Start of Stored data
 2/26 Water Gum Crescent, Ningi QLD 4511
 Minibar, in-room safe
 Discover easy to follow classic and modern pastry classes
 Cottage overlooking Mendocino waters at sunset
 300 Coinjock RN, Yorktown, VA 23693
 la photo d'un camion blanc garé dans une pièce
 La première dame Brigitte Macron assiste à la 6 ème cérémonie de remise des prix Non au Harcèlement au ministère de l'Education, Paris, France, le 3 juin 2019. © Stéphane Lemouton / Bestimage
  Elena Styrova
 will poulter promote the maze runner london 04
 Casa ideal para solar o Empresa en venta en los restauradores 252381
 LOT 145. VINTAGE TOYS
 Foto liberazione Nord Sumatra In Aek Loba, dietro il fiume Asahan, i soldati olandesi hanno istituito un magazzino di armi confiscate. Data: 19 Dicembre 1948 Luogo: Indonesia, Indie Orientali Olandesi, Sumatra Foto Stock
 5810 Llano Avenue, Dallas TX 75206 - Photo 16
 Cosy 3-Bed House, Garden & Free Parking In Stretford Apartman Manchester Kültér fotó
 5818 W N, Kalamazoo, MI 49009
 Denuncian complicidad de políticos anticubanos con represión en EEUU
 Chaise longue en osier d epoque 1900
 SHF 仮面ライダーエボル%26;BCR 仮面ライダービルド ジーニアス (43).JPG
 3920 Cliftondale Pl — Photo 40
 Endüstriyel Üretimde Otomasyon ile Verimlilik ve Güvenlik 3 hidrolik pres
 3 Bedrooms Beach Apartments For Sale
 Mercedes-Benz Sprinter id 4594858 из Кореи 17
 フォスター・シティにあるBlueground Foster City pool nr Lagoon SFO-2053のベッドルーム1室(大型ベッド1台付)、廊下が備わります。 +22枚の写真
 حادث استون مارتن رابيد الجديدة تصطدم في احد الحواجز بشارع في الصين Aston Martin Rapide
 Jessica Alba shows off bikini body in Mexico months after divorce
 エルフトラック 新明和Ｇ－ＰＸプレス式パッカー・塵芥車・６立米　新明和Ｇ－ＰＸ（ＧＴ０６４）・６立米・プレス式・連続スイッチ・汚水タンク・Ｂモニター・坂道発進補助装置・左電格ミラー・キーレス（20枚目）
End of Stored data
* [Description of the task]: When copying the data above, keep every line exactly as written.

* [Written response]:
 2/26 Water Gum Crescent, Ningi QLD 4511
 Minibar, in-room safe
 Discover easy to follow classic and modern pastry classes
 Cottage overlooking Mendocino waters at sunset
 300 Coinjock RN, Yorktown, VA 23693
 la photo d'un camion blanc garé dans une pièce
 La première dame Brigitte Macron assiste à la 6 ème cérémonie de remise des prix Non au Harcèlement au ministère de l'Education, Paris, France, le 3 juin 2019. © Stéphane Lemouton / Bestimage
  Elena Styrova
 will poulter promote the maze runner london 04
 Casa ideal para solar o Empresa en venta en los restauradores 252381
 LOT 145. VINTAGE TOYS
 Foto liberazione Nord Sumatra In Aek Loba, dietro il fiume Asahan, i soldati olandesi hanno istituito un magazzino di armi confiscate. Data: 19 Dicembre 1948 Luogo: Indonesia, Indie Orientali Olandesi, Sumatra Foto Stock
 5810 Llano Avenue, Dallas TX 75206 - Photo 16
 Cosy 3-Bed House, Garden & Free Parking In Stretford Apartman Manchester Kültér fotó
 5818 W N, Kalamazoo, MI 49009
 Denuncian complicidad de políticos anticubanos con represión en EEUU
 Chaise longue en osier d epoque 1900
 SHF 仮面ライダーエボル%26;BCR 仮面ライダービルド ジーニアス (43).JPG
 3920 Cliftondale Pl — Photo 40
 Endüstriyel Üretimde Otomasyon ile Verimlilik ve Güvenlik 3 hidrolik pres
 3 Bedrooms Beach Apartments For Sale
 Mercedes-Benz Sprinter id 4594858 из Кореи 17
 フォスター・シティにあるBlueground Foster City pool nr Lagoon SFO-2053のベッドルーム1室(大型ベッド1台付)、廊下が備わります。 +22枚の写真
 حادث استون مارتن رابيد الجديدة تصطدم في احد الحواجز بشارع في الصين Aston Martin Rapide
 Jessica Alba shows off bikini body in Mexico months after divorce
 エルフトラック 新明和Ｇ－ＰＸプレス式パッカー・塵芥車・６立米　新明和Ｇ－ＰＸ（ＧＴ０６４）・６立米・プレス式・連続スイッチ・汚水タンク・Ｂモニター・坂道発進補助装置・左電格ミラー・キーレス（20枚目）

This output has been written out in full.